● WHAT IS NEEDED
Exactly reproduce the lines from the line bearing "HÖRNSOFFA i chenille" through the end of the listing, inclusive of both; pictures are to be omitted.

● COLLECTED MATERIAL
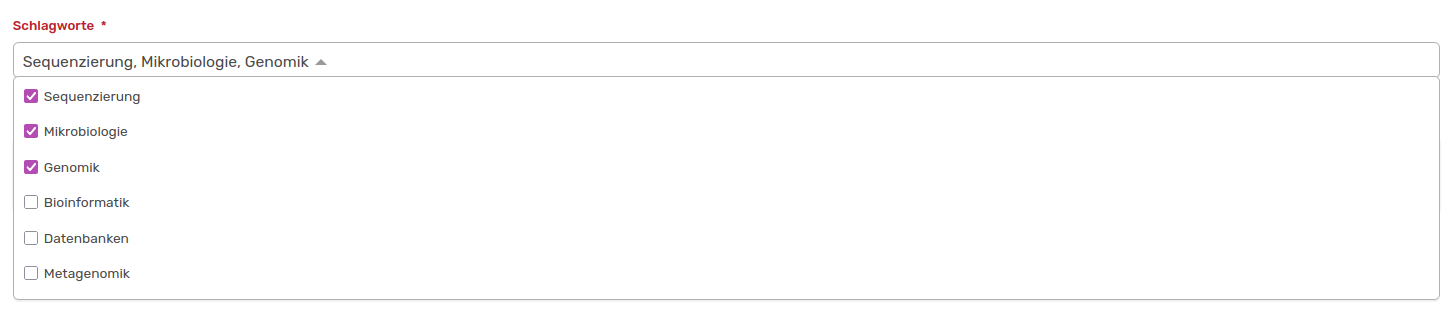 Datenfeld Schlagwort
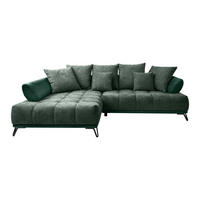 HÖRNSOFFA i chenille mörkgrön  - svart/mörkgrön, Modern, metall/textil (184/262cm) - MID.YOU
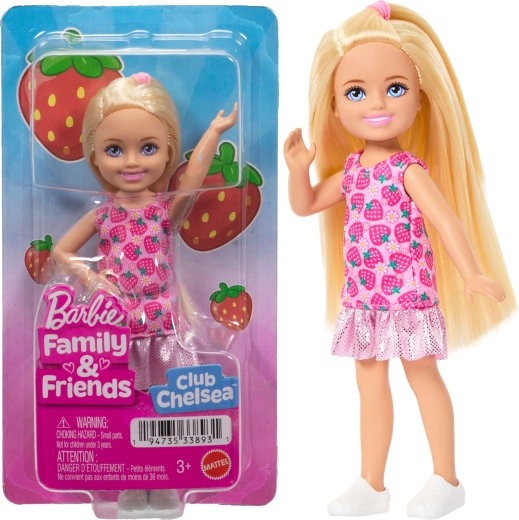 Barbie Club Chelsea blondínka v jahodových šatách 14 cm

● ANSWER SECTION
 HÖRNSOFFA i chenille mörkgrön  - svart/mörkgrön, Modern, metall/textil (184/262cm) - MID.YOU
 Barbie Club Chelsea blondínka v jahodových šatách 14 cm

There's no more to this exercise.